Estamos em 2001. Realiza-se, no Rio de Janeiro, mais uma edição do Rock in Rio. A multidão espera, ansiosamente, a apresentação do Guns N’Roses. Mas, antes, sobe ao palco Carlinhos Brow, para a revolta dos roqueiros presentes, que cobrem o músico baiano de garrafas e vaias.
O ano agora é 2011. O empresário Elídio Queiroz, pré-candidato a prefeito de Jardim de Piranhas, presenteia os jardinenses com uma festa no CAP. Iniciado o evento, alguns forrozeiros presentes, muitos já entorpecidos pelo álcool, consumido à vontade desde as primeiras horas do dia, vaiam a banda Trepidant’s, incomodados, provavelmente, com as belas baladas românticas, sucessos inesquecíveis da atração pernambucana.
As duas vaias, mesmo que separadas por dez anos, ressoam, uníssonas, num mesmo cenário de intransigência e desrespeito. Guardadas as devidas proporções, a Cidade do Rock e o CAP, em vez de assistirem a noites de música e alegria, presenciaram, estupefatos, demonstrações antidemocráticas e egoístas.

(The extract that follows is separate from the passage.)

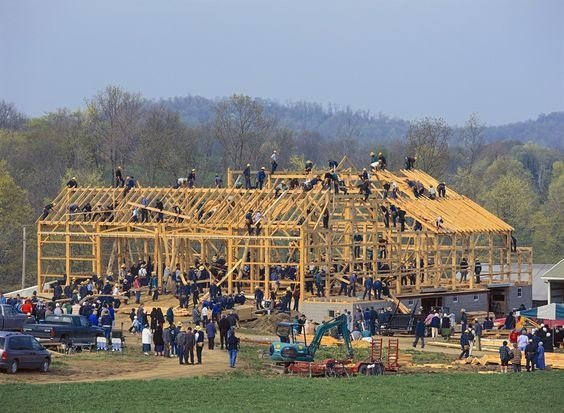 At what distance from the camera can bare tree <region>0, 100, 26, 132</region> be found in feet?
557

Este blogueiro não participou dos festejos natalícios do empresário Elídio Queiroz. O que escrevo agora é baseado em relatos ouvidos de quem presenciou os fatos. Entretanto, não é difícil descobrir o motivo da revolta com a banda Trepidant’s. A massa presente ao CAP fora para lá com a intenção de ouvir canções do quilate de “Lapada na rachada”; “Beber, cair, levantar”; “Parar meu carro na frente do cabaré”; “Zé priquito”; “Dinheiro na mão, calcinha no chão”; “Raparigueiro”; “Fogo no facho”; “Dança da piroca torta”; “Abre a mala e solte o som” etc. Nada mais natural, portanto, que não desejassem ouvir canções românticas e, ainda por cima, cantadas em inglês!
Ressalte-se que a ideia de se contratar os Trepidant’s partiu de quem financiava a festa, ou seja, o aniversariante. Este, muito possivelmente, aprecia “Remember me”, “All Love”, “My flaming Love”, dentre outros memoráveis sucessos da banda nos anos de 1970. A vaia, portanto, também o atinge. Esse fato demonstra, com clarividência, que vivemos, nesta segunda década do século XXI, a ditadura do forró de plástico. Aviões do Forró e Garota Safada viraram ícones, ditando, com suas letras de gosto duvidoso, um modo de vida que segrega quem vê o mundo com outros olhos. Vaiam-se não apenas os músicos de estilos diferentes, mas, também, todos aqueles que os apreciam. Eu mesmo, inclusive, já fui chamado de “idiota” apenas porque assistia a um DVD de Roupa Nova.
A vida em sociedade impõe alguns sacrifícios, dentre os quais conviver com gostos e ideias diferentes dos seus. Querer impor, a todo custo, suas preferências aos demais não é o comportamento esperado de pessoas civilizadas. Vaiar uma banda que não toca o que se deseja ouvir destoa desse comportamento. Poder-se-ia, perfeitamente, retirar-se do local. É o que costumo fazer quando alguém começa a vomitar palavras e expressões chulas, em alto volume. Não me é dado o direito de, sob o efeito do álcool, apupar as bandas de forró. Afinal, alio-me ao entendimento de João Gilberto, para quem “vaia de bêbado não vale”.